In Part III, the contributors discuss multicultural change efforts at the college or institutional level directed at creating and sustaining more inclusive teaching and learning communities. Additionally, contributors describe programs and practices useful in addressing diversity issues across the disciplines as well as within discipline-specific contexts. Particular emphasis is placed on understanding how systematic multicultural organizational change can support a departmental or campus-wide emphasis on teaching inclusively. These chapters offer rich descriptions of efforts at institutions learning how to address diversity-related initiatives in a sustainable, comprehensive manner. Such efforts can help others determine how best to assess their organization’s needs and strengths, and to determine what is needed in the larger environment to initiate and sustain successful pro-equity organizational change and innovations.

Finally, Part IV pays particular attention to resources and program models particularly useful for faculty developers and centers. Contributors to this section provide a rich set of tools for self- and course-assessment, planning for new or revised programs, and suggesting well-proven strategies for approaches to diversity-related teaching development and organizational change initiatives. These include descriptions of specific, "hands on" consultation practices, workshop exercises, resource materials, and design elements (e.g., use of writing prompts) proven effective across the disciplines in engaging faculty in reflection, analysis, dialogue and innovation related to diversity-related teaching development goals.

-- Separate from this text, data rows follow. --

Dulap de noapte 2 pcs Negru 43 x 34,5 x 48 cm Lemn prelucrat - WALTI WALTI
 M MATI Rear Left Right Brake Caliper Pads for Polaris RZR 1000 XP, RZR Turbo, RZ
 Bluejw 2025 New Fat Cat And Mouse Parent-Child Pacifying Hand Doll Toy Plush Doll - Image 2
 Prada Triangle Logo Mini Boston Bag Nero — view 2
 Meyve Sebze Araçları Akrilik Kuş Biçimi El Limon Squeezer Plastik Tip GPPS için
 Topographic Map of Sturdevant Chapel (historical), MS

In conclusion, this volume seeks to respond to the challenge of initiating fresh, results-oriented, and context-specific dialogues on teaching inclusively by providing an overview of effective faculty, instructional, and organizational development programs that address a wide range of diversity-related goals. By highlighting the "best practices" of change on the individual, departmental, and institutional levels in the same volume, the editors hope that readers will more clearly see the possibilities and intersectionality of diversity initiatives on their campuses, and beyond.

A project of this scope is necessarily a collective effort. I begin by thanking all of the contributing authors for their generosity and spirit of collaboration. Colleagues from the University of Massachusetts Amherst that offered enormous support and guidance to this project include Heather Bourne, Sean Robins, and Sarah Bramley; Mary Deane Sorcinelli, Bailey Jackson, Pat Griffin, Maurianne Adams, and Barbara Love; Laura Wright, and Jung Yun (editors extraordinaire). I thank Anne Miller who understands how to lead organizational change better than anyone else I know. More broadly, I also thank Nancy Ramsay, Christine Stanley, Thomas S. Edwards, Lisa Kornetsky and Rebecca Leonard who all helped to keep this project on the right theoretical and practical tracks. My long-standing partner in teaching, Edith Fraser, and our Smith College colleagues, Kathryn Basham, Mary Hall, Mary Gannon, Alex Deschamps, Josh Miller, Ann Marie Garran, Victor Mealy and Lois Bass, contributed invaluably by their ongoing friendships and willingness to share their personal and collective insights and strategies. And finally, but most importantly, I thank Ronald G. Parent.